Content starts

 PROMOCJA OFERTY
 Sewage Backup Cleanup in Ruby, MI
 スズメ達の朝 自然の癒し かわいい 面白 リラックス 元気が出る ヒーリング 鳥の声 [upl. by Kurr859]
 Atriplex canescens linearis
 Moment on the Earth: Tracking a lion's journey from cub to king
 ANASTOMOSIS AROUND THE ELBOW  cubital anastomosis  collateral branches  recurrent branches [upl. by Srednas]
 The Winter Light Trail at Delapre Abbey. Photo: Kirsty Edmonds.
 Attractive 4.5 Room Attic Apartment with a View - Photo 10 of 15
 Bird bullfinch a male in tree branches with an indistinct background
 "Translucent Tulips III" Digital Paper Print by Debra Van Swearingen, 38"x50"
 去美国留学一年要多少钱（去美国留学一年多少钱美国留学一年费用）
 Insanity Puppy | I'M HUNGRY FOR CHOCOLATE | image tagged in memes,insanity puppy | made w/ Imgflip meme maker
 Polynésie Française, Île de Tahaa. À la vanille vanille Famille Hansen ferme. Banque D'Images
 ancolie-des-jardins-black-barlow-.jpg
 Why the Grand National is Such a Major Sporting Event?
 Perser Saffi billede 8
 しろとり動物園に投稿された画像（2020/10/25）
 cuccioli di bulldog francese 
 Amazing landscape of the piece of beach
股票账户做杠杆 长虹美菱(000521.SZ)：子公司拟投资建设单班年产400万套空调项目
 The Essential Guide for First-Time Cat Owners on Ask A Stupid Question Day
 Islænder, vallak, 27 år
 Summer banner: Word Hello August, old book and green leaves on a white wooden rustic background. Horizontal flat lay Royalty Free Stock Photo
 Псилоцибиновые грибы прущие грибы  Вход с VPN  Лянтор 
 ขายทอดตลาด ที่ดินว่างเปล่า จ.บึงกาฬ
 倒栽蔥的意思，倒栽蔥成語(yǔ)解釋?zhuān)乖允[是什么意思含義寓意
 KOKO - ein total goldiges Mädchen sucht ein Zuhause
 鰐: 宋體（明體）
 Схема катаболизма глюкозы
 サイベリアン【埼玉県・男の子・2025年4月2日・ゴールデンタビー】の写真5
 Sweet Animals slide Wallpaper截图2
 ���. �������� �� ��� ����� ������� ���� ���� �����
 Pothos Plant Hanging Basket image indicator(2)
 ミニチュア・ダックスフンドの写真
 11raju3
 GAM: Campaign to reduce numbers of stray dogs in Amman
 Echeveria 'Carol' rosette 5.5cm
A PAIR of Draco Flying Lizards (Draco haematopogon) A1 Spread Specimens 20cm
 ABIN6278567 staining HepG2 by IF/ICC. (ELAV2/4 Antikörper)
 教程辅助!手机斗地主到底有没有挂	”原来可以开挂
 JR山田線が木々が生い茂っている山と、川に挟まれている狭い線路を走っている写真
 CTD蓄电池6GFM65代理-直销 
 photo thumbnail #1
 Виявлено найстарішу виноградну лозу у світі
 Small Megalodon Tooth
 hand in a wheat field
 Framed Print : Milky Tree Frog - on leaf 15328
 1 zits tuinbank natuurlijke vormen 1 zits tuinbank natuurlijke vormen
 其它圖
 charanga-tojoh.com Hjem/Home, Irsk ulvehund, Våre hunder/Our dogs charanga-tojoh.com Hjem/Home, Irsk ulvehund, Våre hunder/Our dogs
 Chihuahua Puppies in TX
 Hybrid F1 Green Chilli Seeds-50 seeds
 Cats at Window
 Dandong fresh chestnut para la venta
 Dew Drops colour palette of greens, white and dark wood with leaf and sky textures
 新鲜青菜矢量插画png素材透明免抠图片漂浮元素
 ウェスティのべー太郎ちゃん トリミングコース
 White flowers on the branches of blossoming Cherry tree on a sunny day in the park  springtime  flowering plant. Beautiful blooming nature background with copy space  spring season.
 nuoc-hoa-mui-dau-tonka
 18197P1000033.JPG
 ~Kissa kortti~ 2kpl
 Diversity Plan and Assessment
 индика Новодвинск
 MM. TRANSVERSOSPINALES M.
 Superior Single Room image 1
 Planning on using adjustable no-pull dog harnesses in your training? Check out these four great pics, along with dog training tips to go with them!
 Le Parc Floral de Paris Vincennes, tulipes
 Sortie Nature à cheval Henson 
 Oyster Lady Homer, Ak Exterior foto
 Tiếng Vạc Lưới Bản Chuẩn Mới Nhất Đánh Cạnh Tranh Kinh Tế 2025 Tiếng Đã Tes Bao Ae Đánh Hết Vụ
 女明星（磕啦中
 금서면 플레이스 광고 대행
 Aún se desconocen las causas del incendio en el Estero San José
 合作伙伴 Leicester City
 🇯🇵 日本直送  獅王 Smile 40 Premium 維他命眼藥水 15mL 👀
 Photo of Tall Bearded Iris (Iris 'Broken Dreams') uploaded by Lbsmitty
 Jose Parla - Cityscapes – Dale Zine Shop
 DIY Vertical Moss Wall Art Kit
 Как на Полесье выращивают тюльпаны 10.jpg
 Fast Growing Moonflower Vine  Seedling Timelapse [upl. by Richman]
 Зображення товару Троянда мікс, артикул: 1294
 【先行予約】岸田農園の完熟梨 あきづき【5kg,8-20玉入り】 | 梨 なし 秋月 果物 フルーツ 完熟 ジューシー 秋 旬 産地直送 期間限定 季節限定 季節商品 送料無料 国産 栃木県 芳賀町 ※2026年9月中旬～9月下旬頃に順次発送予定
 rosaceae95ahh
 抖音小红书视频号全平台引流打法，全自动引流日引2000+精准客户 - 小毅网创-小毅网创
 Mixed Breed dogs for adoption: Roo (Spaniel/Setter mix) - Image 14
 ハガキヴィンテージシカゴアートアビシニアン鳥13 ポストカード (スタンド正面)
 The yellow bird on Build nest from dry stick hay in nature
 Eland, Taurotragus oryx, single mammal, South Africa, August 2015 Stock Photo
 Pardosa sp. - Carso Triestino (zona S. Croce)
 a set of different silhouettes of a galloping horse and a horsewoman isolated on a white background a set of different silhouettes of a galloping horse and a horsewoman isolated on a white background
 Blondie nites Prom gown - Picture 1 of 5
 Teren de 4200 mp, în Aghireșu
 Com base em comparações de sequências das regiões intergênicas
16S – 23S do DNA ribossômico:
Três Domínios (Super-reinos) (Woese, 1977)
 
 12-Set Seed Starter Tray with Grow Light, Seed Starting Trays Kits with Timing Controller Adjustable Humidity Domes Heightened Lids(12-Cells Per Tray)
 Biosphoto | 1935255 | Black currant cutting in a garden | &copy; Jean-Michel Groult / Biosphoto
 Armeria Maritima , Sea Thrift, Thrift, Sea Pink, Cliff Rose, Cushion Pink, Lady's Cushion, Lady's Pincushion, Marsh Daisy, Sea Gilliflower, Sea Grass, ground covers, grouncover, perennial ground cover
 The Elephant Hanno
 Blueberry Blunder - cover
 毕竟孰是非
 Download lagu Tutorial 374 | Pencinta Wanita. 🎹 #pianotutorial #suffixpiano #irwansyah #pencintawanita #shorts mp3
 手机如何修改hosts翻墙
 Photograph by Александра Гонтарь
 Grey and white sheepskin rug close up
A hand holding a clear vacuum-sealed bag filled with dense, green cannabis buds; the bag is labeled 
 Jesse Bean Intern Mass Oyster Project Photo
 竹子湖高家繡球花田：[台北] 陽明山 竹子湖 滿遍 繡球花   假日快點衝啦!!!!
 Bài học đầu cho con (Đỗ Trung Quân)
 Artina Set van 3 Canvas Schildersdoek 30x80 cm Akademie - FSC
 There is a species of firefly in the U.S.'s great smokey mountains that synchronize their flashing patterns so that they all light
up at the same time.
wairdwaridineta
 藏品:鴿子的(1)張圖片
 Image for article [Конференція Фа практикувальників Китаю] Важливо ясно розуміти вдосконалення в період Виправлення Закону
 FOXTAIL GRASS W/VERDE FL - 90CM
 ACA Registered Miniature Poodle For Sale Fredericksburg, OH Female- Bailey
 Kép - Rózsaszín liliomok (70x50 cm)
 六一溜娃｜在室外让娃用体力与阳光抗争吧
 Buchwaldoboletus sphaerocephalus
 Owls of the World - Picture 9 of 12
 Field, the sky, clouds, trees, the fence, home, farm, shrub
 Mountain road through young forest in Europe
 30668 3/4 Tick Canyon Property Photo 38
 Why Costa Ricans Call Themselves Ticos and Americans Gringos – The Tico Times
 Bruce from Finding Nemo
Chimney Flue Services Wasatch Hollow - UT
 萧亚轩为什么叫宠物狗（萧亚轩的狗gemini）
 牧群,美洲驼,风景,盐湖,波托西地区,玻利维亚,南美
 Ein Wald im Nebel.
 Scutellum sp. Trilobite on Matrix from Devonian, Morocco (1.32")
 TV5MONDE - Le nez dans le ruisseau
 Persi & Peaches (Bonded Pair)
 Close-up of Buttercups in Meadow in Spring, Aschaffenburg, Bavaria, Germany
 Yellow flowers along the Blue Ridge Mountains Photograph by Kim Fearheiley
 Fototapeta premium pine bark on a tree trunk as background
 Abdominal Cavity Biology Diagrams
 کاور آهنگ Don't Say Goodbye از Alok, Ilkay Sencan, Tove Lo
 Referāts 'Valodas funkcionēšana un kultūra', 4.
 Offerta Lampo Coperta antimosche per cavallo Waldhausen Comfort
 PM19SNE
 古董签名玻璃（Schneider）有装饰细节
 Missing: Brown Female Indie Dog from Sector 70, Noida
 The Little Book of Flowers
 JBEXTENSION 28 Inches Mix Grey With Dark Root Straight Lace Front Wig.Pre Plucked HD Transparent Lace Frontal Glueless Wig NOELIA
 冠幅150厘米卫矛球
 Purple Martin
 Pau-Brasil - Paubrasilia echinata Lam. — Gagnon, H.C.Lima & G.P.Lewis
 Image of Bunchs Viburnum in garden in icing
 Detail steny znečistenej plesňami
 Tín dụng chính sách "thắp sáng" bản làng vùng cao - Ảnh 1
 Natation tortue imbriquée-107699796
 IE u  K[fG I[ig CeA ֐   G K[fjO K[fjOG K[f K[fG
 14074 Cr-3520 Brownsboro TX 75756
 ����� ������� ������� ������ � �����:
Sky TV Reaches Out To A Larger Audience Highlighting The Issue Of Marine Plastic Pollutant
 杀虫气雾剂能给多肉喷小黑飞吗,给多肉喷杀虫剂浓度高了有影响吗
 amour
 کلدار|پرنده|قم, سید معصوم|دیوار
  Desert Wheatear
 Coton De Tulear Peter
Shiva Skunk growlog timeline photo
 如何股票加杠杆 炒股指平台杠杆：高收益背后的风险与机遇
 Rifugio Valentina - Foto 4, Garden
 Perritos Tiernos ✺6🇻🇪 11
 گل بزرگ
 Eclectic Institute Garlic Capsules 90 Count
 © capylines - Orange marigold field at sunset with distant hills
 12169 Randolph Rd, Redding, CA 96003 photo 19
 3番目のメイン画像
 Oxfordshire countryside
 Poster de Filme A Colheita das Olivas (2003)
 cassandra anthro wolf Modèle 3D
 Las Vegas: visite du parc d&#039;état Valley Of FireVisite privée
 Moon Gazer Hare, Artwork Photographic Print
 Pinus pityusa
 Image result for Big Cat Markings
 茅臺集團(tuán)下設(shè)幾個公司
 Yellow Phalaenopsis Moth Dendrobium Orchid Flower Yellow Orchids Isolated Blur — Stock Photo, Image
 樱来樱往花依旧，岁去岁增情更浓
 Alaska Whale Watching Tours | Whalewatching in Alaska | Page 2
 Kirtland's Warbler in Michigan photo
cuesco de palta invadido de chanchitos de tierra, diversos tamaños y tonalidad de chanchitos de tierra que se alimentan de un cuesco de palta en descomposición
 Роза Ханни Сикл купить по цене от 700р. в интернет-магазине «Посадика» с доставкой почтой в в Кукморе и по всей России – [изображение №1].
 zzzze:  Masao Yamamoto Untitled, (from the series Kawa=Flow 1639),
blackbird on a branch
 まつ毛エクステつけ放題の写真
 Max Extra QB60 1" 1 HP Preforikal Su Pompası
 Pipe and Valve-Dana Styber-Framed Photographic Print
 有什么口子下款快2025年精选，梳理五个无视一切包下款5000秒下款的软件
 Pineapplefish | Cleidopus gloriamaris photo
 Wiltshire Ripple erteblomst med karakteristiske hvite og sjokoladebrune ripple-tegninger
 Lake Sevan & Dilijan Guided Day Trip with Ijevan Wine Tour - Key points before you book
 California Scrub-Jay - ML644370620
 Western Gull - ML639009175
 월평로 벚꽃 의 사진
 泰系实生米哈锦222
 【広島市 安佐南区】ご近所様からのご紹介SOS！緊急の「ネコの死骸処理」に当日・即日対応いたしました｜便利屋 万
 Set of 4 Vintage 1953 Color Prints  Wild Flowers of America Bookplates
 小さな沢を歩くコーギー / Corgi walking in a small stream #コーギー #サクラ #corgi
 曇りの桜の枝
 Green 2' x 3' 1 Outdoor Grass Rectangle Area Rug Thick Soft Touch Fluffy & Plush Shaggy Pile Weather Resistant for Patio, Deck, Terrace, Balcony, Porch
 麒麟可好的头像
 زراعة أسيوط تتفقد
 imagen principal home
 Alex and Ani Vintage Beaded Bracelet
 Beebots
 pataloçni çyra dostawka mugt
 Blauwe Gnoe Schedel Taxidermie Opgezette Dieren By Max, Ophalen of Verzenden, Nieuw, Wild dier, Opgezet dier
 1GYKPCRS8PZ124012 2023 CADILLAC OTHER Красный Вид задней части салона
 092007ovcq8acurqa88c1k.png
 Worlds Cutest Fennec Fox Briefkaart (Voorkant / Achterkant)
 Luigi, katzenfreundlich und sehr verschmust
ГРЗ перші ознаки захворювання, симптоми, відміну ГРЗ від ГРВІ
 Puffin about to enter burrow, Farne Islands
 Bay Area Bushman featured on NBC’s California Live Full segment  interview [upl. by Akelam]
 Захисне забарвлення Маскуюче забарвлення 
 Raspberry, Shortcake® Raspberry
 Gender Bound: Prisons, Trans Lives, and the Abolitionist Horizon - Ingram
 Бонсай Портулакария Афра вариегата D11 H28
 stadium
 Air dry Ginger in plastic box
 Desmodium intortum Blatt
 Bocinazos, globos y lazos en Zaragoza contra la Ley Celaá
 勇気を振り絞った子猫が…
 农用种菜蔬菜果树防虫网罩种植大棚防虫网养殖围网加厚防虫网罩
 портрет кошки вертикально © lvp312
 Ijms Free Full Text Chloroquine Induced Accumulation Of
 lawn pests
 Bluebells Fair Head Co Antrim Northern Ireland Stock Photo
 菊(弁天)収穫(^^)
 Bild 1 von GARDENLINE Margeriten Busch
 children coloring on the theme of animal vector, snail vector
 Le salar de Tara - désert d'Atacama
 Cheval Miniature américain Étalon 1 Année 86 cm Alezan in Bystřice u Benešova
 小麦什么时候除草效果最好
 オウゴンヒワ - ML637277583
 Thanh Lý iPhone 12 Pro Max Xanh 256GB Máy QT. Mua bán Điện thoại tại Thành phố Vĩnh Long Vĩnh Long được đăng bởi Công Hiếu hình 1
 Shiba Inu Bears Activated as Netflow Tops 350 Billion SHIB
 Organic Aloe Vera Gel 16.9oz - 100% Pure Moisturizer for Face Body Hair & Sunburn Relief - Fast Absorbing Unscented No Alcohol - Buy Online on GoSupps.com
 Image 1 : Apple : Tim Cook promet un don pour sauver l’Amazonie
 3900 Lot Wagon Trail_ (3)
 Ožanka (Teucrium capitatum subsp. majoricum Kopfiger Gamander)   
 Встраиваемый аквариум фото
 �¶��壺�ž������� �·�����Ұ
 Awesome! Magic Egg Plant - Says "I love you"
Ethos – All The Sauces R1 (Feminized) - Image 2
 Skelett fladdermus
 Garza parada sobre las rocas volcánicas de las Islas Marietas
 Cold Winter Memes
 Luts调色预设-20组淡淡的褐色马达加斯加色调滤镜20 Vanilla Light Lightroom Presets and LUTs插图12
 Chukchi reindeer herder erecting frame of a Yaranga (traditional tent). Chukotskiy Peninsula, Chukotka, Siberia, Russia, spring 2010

Content ends

§ **AIM OF THE TASK**
Go through the listing, and whenever a line contains the string "along", copy that line.

§ **THE ANSWER**
 Planning on using adjustable no-pull dog harnesses in your training? Check out these four great pics, along with dog training tips to go with them!
 Yellow flowers along the Blue Ridge Mountains Photograph by Kim Fearheiley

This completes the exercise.